[Source records]
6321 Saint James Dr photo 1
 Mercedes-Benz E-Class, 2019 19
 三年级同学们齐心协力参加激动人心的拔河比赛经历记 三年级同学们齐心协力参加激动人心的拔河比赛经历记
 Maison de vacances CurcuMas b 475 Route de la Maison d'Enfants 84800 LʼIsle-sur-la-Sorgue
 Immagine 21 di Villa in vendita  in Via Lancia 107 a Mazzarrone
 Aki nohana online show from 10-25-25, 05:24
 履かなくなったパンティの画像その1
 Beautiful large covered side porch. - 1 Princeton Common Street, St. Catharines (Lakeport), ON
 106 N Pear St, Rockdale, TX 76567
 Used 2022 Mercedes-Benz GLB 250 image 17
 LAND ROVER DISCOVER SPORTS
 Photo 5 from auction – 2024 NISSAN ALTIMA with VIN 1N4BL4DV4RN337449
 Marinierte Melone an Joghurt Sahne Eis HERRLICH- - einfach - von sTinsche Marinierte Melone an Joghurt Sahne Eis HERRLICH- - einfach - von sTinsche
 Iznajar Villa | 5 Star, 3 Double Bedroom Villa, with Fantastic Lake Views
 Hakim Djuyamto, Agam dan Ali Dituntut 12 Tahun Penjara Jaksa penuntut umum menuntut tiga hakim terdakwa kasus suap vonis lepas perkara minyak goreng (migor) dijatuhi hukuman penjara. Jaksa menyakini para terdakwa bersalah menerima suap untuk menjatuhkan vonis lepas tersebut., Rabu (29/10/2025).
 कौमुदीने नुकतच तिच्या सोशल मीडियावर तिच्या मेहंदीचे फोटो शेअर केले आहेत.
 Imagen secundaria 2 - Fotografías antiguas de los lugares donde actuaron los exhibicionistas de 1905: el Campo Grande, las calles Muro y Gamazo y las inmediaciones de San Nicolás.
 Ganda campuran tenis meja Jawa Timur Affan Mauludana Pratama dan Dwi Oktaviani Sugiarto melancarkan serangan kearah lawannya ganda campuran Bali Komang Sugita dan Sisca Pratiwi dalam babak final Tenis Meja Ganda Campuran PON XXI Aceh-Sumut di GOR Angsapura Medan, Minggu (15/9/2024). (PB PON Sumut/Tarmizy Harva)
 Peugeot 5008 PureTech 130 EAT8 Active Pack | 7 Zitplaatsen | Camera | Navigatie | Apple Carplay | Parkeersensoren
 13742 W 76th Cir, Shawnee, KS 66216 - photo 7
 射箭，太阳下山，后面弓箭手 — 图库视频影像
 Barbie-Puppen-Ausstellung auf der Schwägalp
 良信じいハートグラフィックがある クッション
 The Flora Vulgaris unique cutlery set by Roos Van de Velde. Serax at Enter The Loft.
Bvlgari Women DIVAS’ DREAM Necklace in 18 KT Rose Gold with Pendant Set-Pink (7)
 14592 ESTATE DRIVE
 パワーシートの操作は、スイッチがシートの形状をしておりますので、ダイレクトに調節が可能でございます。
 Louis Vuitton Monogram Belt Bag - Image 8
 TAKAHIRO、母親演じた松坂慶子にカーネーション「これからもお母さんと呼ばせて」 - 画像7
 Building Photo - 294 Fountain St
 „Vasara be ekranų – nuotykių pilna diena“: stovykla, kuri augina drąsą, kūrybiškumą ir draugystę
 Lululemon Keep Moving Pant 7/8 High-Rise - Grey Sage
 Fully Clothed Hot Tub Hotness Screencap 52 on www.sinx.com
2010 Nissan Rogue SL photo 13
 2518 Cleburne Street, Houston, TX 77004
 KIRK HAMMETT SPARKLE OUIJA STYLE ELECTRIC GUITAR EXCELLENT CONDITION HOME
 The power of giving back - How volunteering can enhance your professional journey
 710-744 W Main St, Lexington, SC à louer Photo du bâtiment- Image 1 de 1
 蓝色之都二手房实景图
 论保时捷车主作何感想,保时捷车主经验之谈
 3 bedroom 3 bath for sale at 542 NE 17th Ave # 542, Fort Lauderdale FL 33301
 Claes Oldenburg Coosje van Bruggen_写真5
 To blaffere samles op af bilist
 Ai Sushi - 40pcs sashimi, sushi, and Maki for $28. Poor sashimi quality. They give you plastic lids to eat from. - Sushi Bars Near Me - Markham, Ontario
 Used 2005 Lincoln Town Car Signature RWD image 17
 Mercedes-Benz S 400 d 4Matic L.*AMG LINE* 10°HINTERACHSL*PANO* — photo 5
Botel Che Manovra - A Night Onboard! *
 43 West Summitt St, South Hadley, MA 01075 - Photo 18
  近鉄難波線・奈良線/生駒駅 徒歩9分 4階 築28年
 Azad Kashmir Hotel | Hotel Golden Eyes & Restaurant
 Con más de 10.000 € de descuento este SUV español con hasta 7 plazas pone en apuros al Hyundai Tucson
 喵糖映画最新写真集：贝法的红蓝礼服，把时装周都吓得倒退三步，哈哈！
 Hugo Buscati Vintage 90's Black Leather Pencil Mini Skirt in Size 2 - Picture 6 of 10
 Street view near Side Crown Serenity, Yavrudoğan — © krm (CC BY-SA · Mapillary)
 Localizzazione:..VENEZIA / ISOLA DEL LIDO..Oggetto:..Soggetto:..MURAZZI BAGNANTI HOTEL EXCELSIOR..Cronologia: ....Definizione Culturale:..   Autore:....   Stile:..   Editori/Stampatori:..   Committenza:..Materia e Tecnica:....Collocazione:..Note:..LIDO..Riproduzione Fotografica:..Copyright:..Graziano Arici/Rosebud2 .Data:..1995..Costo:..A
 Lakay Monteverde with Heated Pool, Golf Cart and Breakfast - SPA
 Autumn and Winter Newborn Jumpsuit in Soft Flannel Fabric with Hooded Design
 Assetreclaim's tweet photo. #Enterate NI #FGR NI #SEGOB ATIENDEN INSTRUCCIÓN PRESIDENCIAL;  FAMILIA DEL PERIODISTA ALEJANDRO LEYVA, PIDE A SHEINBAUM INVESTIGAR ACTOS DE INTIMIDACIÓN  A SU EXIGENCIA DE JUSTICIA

-- Problem statement --
Using the records above, set down exactly the lines from the one with "三年级同学们齐心协力参加激动人心的拔河比赛经历记 三年级" through the one with "Used 2022 Mercedes-Benz GLB 250 image 17", inclusive, and nothing more.

-- Result of the exercise --
 三年级同学们齐心协力参加激动人心的拔河比赛经历记 三年级同学们齐心协力参加激动人心的拔河比赛经历记
 Maison de vacances CurcuMas b 475 Route de la Maison d'Enfants 84800 LʼIsle-sur-la-Sorgue
 Immagine 21 di Villa in vendita  in Via Lancia 107 a Mazzarrone
 Aki nohana online show from 10-25-25, 05:24
 履かなくなったパンティの画像その1
 Beautiful large covered side porch. - 1 Princeton Common Street, St. Catharines (Lakeport), ON
 106 N Pear St, Rockdale, TX 76567
 Used 2022 Mercedes-Benz GLB 250 image 17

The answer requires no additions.